Any picture in the listing is left out of the copy; all else is duplicated exactly.

=== Data provided ===
============================================================

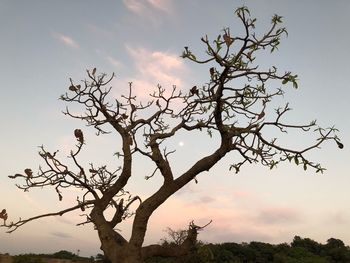 Low angle view of bare tree against sky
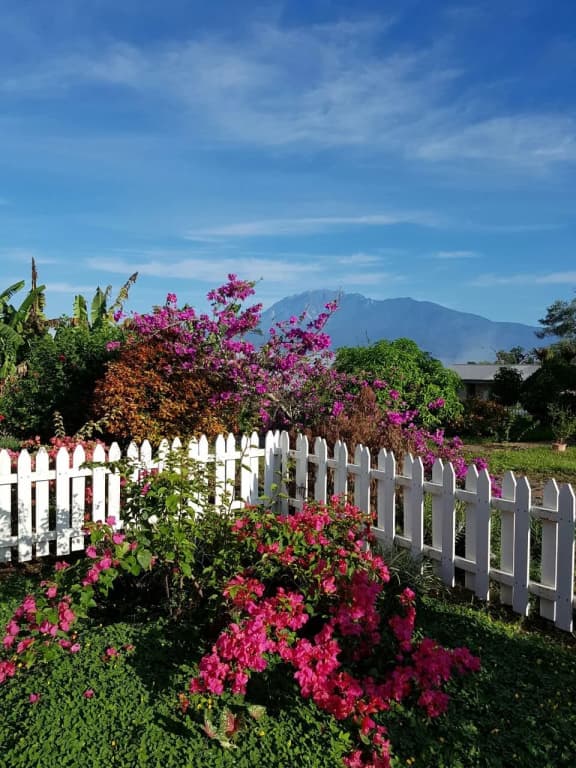 Sabah Tea Resort - photo 7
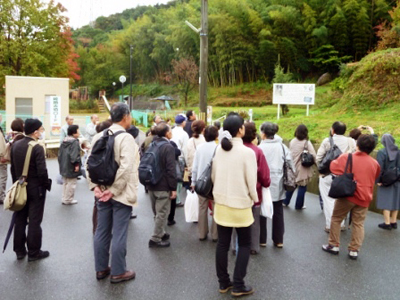 �g�s�b�N�XNo.56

============================================================

=== Result for this task ===
 Low angle view of bare tree against sky
 Sabah Tea Resort - photo 7
 �g�s�b�N�XNo.56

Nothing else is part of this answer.